L’expression «open source» s’accompagne généralement d’une aura de velours: ouvrir le code source d’un logiciel (c’est-à-dire, en le rendant public) lui confère instantanément des qualités de «transparence», voire de «bienveillance». Le code étant ouvert, il peut être inspecté, voire même exécuté et réutilisé si les conditions le permettent (pile technologique reproductible, licence suffisamment permissive). Les failles peuvent être plus rapidement décelées et corrigées, le logiciel peut bénéficier de l’expertise des membres de la «communauté».

Richard Stallman, pionnier du mouvement du logiciel libre, applique un frein à cet excès d’enthousiasme. Il souligne la distinction majeure entre les expressions «logiciel libre» et «open source» pourtant souvent confondues et utilisées de manière interchangeable1. Pourtant, elles désignent des choses fondamentalement différentes:

Les deux expressions décrivent à peu près la même catégorie de logiciel, mais elles représentent des points de vue basés sur des valeurs fondamentalement différentes. L’open source est une méthodologie de développement; le logiciel libre est un mouvement de société. Pour le mouvement du logiciel libre, ce dernier représente un impératif éthique, l’indispensable respect de la liberté de l’utilisateur. La philosophie de l’open source, pour sa part, envisage uniquement les enjeux pratiques, en termes de performance. Elle dit que le logiciel non libre est une solution sous-optimale au problème pratique à résoudre.
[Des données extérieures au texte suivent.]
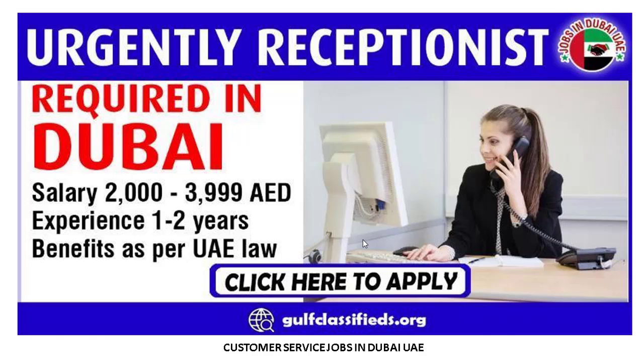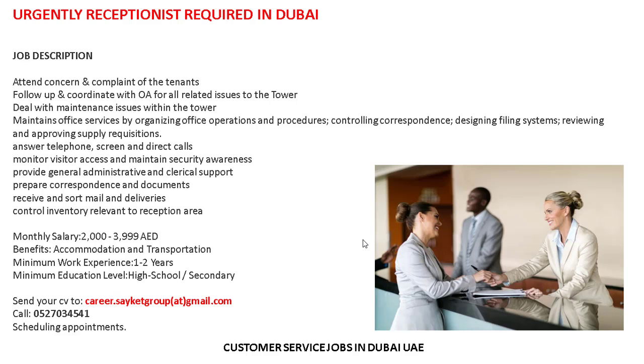Job description: attend concerns and complaints of the tenants, follow up and coordinate for all related issues to the tower, deal with maintenance issues within the tower, maintain office services by organizing office operations and procedures, controlling correspondence, designing filing systems, reviewing and approving supply requisitions, answer telephone, screen and direct calls, monitor visitor access and maintain security awareness, providing general administrative and clerical support, prepare correspondence.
Richard Stallman, En quoi l'open source perd de vue l'éthique du logiciel libre

Le clivage est de nature philosophique et il est double, à la fois sur le plan éthique (les valeurs sont différentes) et ontologique (ne désignant pas la même sorte de chose). Les logiciels dits «open source» sont appréciés pour leur robustesse et leur performance, des considérations pratiques qui sont souvent les seules à guider le développement logiciel. Le mouvement du libre porte avec lui des valeurs inaliénables qui promeuvent une réelle liberté. Les logiciels libres sont à peu près tous open source (condition plus ou moins essentielle pour respecter les libertés de l’usager), mais l’inverse n’est pas automatiquement vrai. Celle-ci peut s’incarner à travers des systèmes au code source ouvert, mais pas uniquement – ce n’est pas une condition suffisante.

Se contenter d’apposer l’étiquette «open source» peut paraître noble au premier abord, mais on peut s’interroger sur les implications de ce geste, ce qu’il signifie et ce qu’il peut réellement apporter.